◆ **Directions for this task**
Please reproduce the listing verbatim, without its images.

◆ **Supplied material**
——

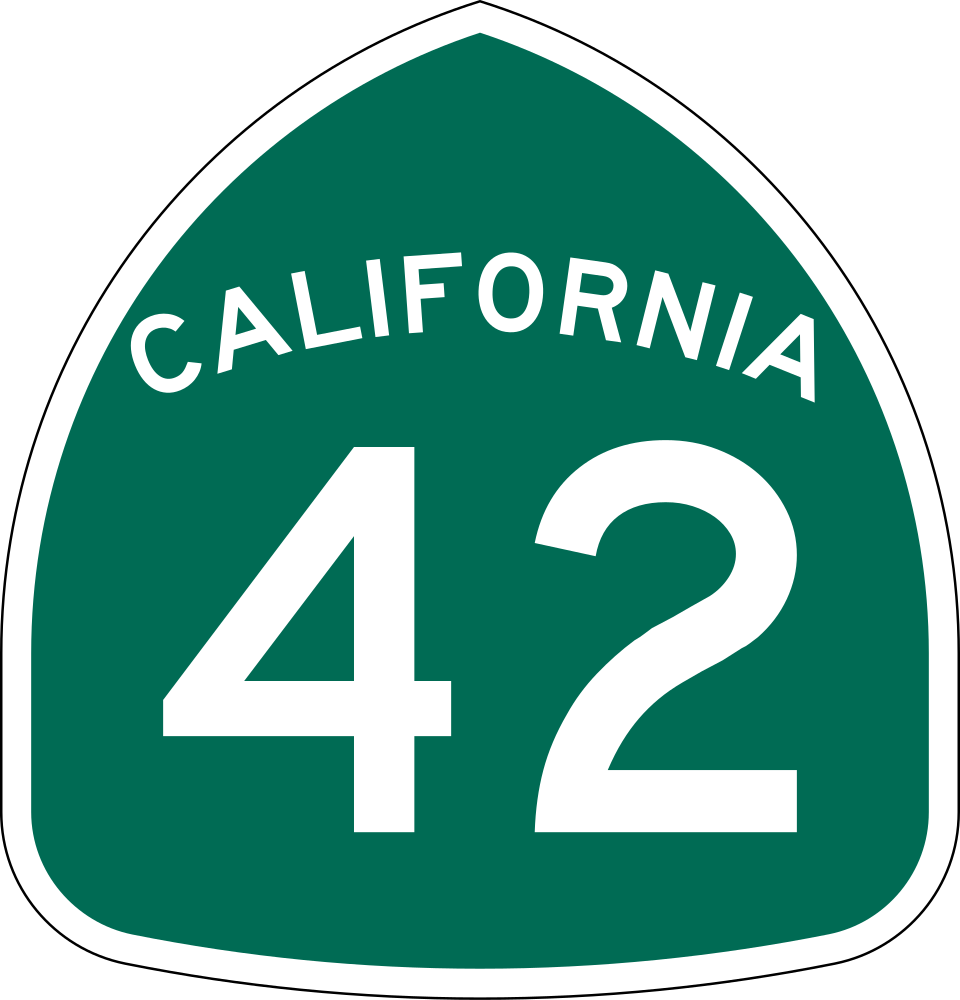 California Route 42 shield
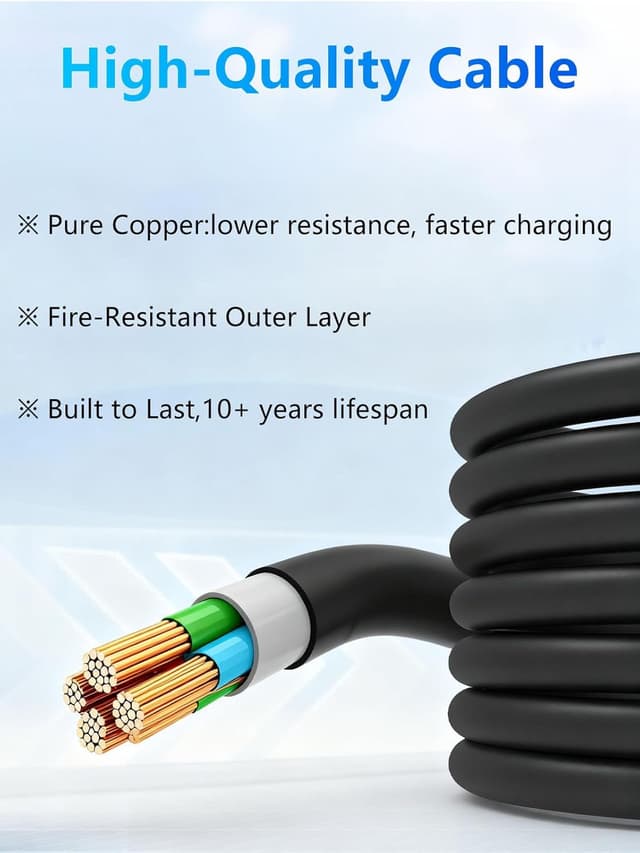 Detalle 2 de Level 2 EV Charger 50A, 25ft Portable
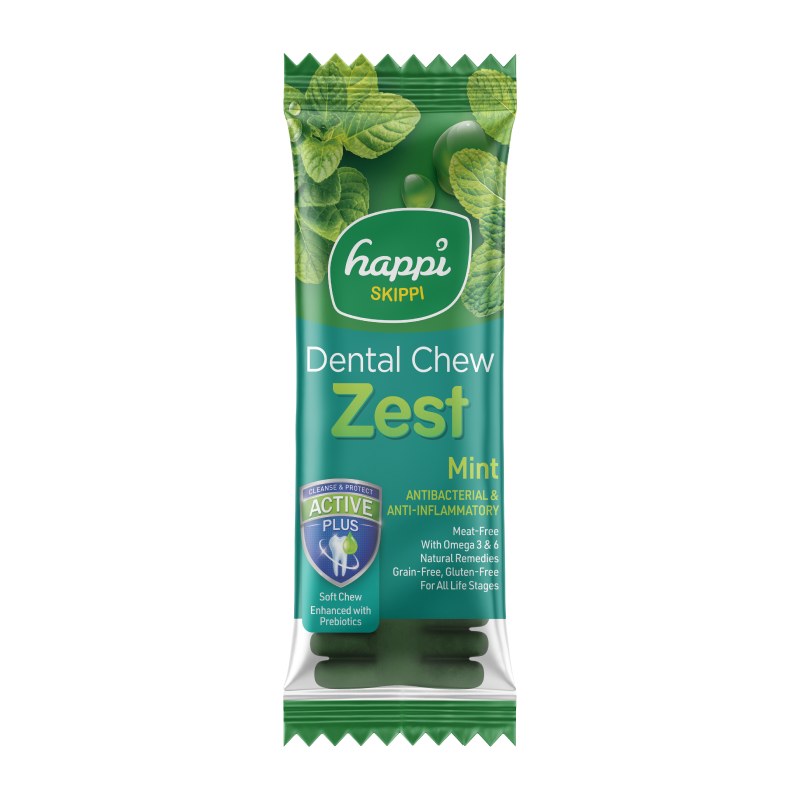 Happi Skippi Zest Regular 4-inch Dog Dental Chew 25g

——

◆ **Written answer**
 California Route 42 shield
 Detalle 2 de Level 2 EV Charger 50A, 25ft Portable
 Happi Skippi Zest Regular 4-inch Dog Dental Chew 25g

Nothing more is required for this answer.